▶ [Records shown]
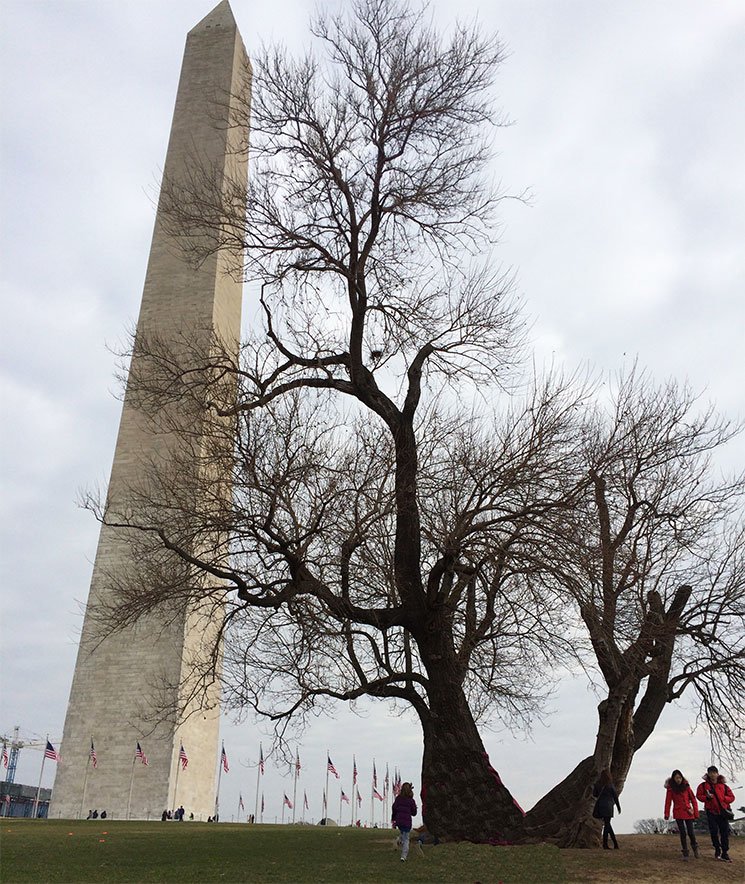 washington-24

...

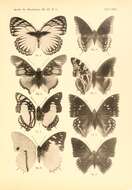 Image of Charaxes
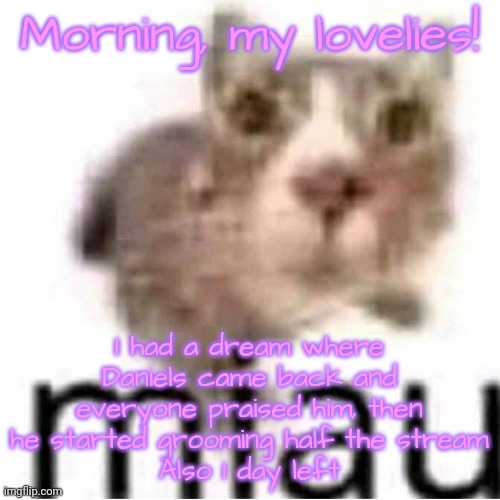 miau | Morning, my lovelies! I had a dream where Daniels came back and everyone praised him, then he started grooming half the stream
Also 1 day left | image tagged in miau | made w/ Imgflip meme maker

* * *

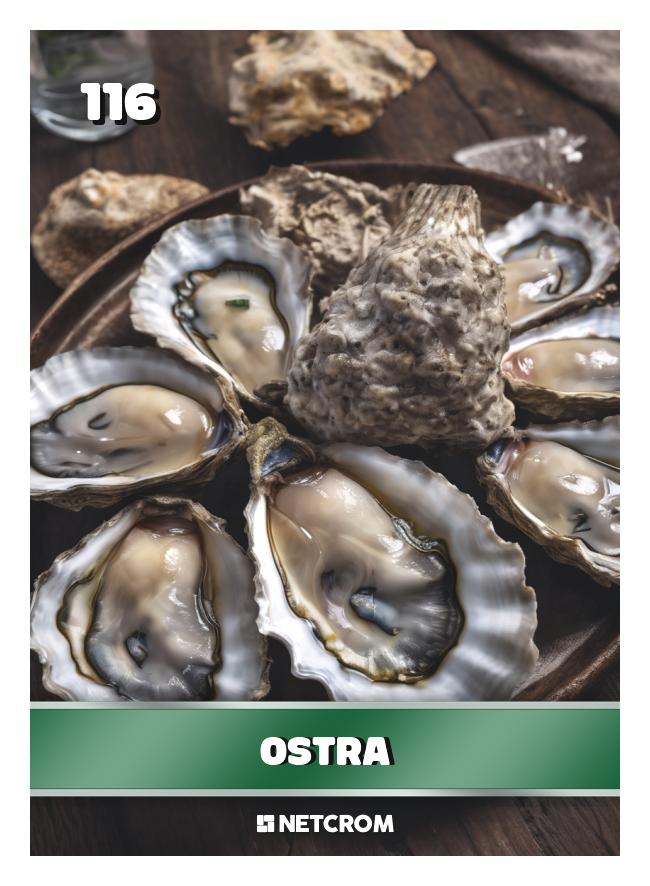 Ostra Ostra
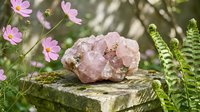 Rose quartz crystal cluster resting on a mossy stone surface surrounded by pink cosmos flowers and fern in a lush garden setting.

▶ [Task description]
Using the data above, print only the lines starting at the one with "Image of Charaxes" and ending at the one with "Also 1 day left", exactly as they stand, minus the pictures.

▶ [Response below]
 Image of Charaxes
 miau | Morning, my lovelies! I had a dream where Daniels came back and everyone praised him, then he started grooming half the stream
Also 1 day left | image tagged in miau | made w/ Imgflip meme maker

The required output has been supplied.